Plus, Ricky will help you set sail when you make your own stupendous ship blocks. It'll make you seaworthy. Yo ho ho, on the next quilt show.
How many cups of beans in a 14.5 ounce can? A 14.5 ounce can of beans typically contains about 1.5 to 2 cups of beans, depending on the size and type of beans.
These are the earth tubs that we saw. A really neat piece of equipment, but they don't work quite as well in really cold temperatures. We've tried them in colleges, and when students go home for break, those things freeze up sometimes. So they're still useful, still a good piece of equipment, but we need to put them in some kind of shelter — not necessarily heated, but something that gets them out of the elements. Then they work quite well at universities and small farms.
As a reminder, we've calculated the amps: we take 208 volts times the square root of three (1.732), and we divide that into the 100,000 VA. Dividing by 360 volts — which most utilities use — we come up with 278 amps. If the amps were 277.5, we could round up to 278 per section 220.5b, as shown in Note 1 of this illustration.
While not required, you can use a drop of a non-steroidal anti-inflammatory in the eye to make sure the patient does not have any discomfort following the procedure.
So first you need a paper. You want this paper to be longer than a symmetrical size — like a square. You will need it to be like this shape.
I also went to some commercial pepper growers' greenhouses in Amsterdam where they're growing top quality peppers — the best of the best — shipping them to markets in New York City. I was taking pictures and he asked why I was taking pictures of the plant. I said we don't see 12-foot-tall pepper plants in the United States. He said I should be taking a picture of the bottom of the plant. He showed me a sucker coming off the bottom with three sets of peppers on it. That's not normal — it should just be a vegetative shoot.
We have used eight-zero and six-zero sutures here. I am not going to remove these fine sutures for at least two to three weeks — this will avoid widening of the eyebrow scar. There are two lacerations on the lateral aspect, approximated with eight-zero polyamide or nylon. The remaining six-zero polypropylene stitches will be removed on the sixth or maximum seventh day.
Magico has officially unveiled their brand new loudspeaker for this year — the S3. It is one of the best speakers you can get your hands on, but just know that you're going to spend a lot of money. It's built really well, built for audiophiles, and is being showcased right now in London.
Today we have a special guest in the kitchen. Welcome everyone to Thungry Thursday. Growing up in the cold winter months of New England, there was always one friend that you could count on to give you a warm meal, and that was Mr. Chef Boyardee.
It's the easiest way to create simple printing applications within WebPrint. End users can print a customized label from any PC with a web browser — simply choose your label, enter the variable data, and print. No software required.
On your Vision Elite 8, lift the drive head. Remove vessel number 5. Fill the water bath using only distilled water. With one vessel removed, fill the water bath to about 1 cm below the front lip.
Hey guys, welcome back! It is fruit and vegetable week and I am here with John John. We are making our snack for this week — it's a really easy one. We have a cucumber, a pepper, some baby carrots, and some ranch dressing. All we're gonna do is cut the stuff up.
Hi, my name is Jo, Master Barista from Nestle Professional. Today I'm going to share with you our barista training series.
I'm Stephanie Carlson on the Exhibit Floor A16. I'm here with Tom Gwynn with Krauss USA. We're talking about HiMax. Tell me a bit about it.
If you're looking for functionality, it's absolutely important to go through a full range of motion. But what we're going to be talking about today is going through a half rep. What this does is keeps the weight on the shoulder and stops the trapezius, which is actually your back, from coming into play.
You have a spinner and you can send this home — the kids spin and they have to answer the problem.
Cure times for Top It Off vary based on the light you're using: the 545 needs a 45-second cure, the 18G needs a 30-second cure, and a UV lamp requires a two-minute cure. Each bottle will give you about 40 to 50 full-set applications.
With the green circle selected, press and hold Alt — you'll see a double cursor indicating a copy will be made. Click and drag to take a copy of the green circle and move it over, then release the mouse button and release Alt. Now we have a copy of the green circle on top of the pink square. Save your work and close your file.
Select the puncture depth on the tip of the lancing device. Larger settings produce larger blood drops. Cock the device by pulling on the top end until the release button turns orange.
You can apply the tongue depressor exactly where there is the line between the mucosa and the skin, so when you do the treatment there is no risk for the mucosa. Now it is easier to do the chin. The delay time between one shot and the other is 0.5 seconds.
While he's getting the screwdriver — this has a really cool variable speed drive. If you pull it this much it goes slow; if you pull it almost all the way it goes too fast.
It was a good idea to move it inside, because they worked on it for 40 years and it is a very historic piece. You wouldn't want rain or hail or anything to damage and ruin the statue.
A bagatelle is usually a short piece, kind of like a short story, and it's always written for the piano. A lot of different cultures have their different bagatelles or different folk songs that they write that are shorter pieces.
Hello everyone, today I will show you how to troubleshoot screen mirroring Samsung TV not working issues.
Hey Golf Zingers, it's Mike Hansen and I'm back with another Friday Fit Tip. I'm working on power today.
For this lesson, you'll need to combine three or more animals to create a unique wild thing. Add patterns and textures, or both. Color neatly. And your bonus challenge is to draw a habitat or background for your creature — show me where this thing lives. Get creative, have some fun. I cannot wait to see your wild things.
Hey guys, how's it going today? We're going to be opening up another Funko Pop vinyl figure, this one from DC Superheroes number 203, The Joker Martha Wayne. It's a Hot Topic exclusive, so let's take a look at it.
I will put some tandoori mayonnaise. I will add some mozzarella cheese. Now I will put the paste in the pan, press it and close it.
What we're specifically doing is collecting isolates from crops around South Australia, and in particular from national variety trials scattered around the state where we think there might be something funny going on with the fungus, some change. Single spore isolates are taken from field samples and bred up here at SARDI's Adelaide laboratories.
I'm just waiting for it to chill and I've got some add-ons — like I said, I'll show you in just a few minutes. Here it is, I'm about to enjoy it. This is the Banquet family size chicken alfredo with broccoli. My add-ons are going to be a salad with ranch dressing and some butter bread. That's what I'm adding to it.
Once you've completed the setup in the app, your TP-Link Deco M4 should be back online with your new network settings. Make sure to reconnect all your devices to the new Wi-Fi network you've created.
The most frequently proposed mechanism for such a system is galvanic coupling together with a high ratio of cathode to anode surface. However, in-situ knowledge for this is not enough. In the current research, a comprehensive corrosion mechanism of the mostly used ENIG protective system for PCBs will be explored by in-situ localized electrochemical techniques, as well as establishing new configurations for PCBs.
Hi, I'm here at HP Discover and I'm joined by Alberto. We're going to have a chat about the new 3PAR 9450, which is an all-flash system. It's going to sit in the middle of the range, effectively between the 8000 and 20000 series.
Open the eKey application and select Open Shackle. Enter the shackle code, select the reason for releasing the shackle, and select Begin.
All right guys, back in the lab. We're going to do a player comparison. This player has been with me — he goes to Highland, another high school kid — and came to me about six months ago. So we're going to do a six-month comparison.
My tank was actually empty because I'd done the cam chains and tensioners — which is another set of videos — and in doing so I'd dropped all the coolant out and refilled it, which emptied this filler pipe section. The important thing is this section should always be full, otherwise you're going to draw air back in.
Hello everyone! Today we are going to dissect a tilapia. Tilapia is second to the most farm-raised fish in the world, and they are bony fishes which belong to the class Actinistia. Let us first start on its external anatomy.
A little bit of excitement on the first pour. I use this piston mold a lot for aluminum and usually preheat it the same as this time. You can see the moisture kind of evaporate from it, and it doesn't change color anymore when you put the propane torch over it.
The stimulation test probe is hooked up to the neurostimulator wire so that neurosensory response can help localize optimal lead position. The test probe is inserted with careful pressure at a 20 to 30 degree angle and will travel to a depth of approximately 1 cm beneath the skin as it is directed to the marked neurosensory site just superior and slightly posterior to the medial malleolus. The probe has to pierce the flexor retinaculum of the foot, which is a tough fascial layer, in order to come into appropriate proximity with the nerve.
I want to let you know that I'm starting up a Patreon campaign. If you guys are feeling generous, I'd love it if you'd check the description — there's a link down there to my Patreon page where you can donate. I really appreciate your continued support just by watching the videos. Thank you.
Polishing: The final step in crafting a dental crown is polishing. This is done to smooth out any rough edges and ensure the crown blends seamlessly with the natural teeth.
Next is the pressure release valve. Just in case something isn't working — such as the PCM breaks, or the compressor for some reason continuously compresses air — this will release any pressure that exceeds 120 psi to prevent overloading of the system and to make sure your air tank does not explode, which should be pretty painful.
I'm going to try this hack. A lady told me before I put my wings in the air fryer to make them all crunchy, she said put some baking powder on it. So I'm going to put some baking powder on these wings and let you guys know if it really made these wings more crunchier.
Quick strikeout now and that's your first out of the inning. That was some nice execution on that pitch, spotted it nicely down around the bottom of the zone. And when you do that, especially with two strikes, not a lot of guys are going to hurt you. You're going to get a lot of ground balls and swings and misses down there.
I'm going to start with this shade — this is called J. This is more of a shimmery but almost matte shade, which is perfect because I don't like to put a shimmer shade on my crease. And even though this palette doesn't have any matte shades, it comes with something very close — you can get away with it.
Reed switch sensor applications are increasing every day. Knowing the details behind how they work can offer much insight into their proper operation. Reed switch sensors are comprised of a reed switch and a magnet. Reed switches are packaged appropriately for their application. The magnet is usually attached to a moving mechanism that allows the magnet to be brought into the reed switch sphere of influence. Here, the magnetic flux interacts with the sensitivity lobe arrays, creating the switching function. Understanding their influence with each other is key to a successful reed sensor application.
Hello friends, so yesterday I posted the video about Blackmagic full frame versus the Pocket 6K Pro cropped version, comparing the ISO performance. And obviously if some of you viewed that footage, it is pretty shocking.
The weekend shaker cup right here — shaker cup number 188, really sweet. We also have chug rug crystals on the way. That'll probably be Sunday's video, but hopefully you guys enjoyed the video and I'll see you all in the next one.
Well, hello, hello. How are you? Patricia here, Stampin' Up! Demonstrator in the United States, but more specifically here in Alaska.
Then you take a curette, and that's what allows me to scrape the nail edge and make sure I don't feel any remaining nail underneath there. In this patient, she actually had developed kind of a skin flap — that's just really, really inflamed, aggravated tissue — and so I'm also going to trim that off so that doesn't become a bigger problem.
▬▬▬▬▬▬▬▬▬▬
- [PROBLEM REQUIREMENTS] Print the records above verbatim from their first line to the line containing "So first you", both included, and stop there.

- [RESULT]
Plus, Ricky will help you set sail when you make your own stupendous ship blocks. It'll make you seaworthy. Yo ho ho, on the next quilt show.
How many cups of beans in a 14.5 ounce can? A 14.5 ounce can of beans typically contains about 1.5 to 2 cups of beans, depending on the size and type of beans.
These are the earth tubs that we saw. A really neat piece of equipment, but they don't work quite as well in really cold temperatures. We've tried them in colleges, and when students go home for break, those things freeze up sometimes. So they're still useful, still a good piece of equipment, but we need to put them in some kind of shelter — not necessarily heated, but something that gets them out of the elements. Then they work quite well at universities and small farms.
As a reminder, we've calculated the amps: we take 208 volts times the square root of three (1.732), and we divide that into the 100,000 VA. Dividing by 360 volts — which most utilities use — we come up with 278 amps. If the amps were 277.5, we could round up to 278 per section 220.5b, as shown in Note 1 of this illustration.
While not required, you can use a drop of a non-steroidal anti-inflammatory in the eye to make sure the patient does not have any discomfort following the procedure.
So first you need a paper. You want this paper to be longer than a symmetrical size — like a square. You will need it to be like this shape.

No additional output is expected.